### PROVIDED DATA

•••••

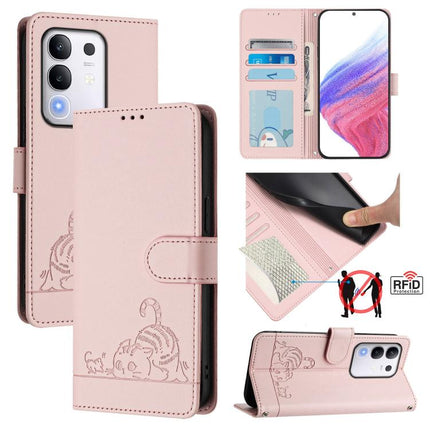 Cat Rat Embossed Pattern RFID Leather Phone Case with Lanyard, For vivo V50 Lite 5G, For vivo Y29S 5G / Y04 4G Global, For vivo Y29 4G Global, For vivo V50 5G Global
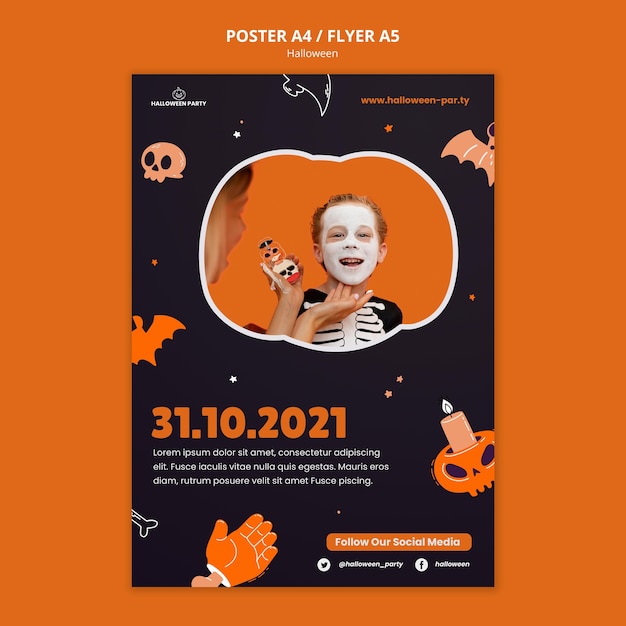 PSD grátis modelo de impressão vertical de halloween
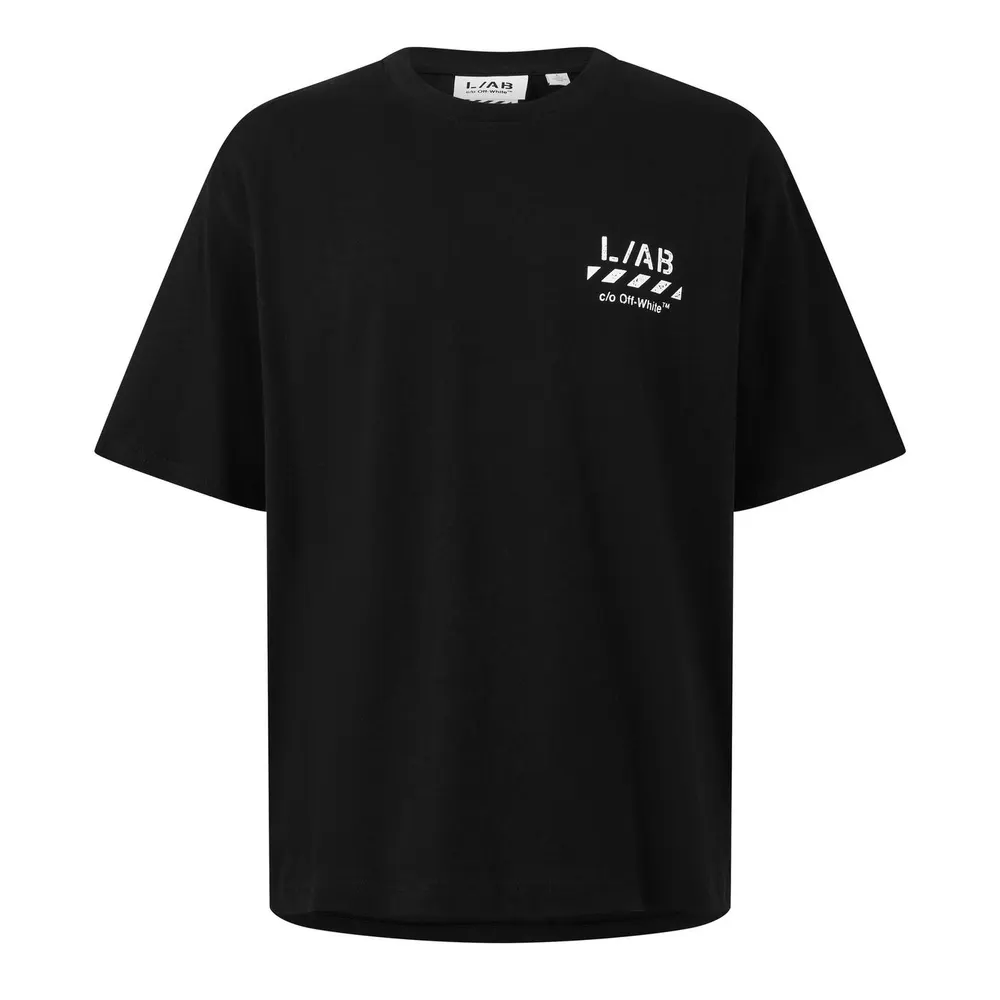 L AB Off White Men's Diag Cotton Short-Sleeve Crew-Neck Oversized-Fit T-Shirt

•••••

### REQUIRED ACTION
Please repeat the lines that run from the one holding "PSD grátis modelo" to the last line of the material, both included, exactly and without pictures.

### OUTPUT
 PSD grátis modelo de impressão vertical de halloween
 L AB Off White Men's Diag Cotton Short-Sleeve Crew-Neck Oversized-Fit T-Shirt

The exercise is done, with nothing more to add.